1 calf’s head, cleaned with the skin on; ½ lb. lean ham, cut into strips; 1 carrot; 1 onion; 1 turnip; bunch of sweet herbs; 4 tablespoonfuls of flour and the same of butter; 1 cup of milk; 6 quarts of water; pepper and salt.
Boil the head in the water with the ham, onion, turnip, and carrot sliced, and the chopped herbs. Cover, and stew slowly until the bones fall from the meat. Take out the head; return the bones to the soup. Divide the meat into two portions; set by one to cool for present use; put the other, highly seasoned, into a large bowl, and strain half the stock over it. When cool, set on the ice for to-morrow. Chop the calf’s ears, and the less desirable parts of the meat reserved for to-day, fine, and put back upon the bones in the soup. Boil gently half an hour. Meantime, put the butter into a frying-pan, and when hot, stir in the flour. It must not get at all brown. When it is again bubbling hot, stir in a cupful of the soup; boil one minute, and pour it out to cool. Strain your soup; stir in the cooled mixture; boil up and skim, when you have seasoned quite highly; put in three or four handfuls of meat-dice cut up from the fat, gelatinous parts of the cold head; simmer to a boil; pour into the tureen, add the milk, boiling hot, and send to table.
Calf’s Liver and Bacon.
3 lbs. of fresh liver; 1 lb. of streaked bacon; juice of a lemon; 1 tablespoonful of flour, and same of butter; pepper, salt, and onion.
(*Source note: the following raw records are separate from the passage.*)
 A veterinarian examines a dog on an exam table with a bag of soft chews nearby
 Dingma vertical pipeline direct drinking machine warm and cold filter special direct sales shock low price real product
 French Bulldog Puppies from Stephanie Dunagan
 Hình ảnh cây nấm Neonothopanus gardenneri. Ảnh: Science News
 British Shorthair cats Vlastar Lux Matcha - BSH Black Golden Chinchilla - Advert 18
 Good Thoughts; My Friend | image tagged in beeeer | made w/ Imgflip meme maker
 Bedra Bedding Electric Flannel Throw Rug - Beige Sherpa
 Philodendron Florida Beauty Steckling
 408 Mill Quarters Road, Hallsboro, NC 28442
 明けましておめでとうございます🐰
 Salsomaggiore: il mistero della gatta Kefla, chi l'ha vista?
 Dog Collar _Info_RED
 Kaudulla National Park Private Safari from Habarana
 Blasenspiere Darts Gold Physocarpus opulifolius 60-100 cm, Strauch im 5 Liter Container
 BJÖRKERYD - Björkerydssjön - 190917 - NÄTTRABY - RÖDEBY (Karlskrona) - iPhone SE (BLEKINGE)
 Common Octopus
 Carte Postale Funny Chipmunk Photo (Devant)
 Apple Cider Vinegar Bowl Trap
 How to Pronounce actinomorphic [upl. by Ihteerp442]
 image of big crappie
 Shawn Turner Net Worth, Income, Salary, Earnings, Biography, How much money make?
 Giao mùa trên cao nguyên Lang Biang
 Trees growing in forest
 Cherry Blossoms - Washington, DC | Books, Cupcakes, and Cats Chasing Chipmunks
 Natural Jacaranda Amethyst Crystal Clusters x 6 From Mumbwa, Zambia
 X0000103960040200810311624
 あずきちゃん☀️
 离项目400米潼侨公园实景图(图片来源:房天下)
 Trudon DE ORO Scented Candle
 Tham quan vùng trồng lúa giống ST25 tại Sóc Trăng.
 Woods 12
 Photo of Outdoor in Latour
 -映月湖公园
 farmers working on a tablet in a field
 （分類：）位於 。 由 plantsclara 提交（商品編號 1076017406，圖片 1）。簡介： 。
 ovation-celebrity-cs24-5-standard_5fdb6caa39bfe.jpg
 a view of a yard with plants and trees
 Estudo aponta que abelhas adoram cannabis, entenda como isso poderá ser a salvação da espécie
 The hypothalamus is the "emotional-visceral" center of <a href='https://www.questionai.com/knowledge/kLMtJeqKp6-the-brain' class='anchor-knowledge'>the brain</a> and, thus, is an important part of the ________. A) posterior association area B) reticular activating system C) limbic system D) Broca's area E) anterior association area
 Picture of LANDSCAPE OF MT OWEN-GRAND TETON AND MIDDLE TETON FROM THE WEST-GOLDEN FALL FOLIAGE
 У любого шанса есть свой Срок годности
Soak the liver in cold water fifteen minutes; wipe dry, and cut in strips an inch wide, and three long. Cut as many thinner strips of bacon, and fry these three minutes in their own fat; take out and keep hot while you fry an onion—sliced—with the liver in the same fat. Salt, pepper, and dredge the liver in flour before it goes in. When it is done lay in two rows, the length of the dish, with a strip of bacon between each piece and the next. Strain the fat, and return to the pan with a cupful of hot water, the butter rubbed into the flour, and, when it has boiled up, the juice of a lemon. Pour over the liver. Pass mustard with this dish.
Breaded Egg-plant.
Slice half an inch thick, and lay in salt and water one hour, with a heavy plate on top to keep them under. Then wipe dry, dip in beaten egg, roll in cracker-crumbs, and fry in hot lard or dripping. Drain, pepper and salt them, and serve.
String-Beans.
Be doubly careful, as the season advances, to pare off the toughening fibres on both sides. Cut in short pieces; boil in hot salted water forty minutes, drain, pepper, salt, and butter.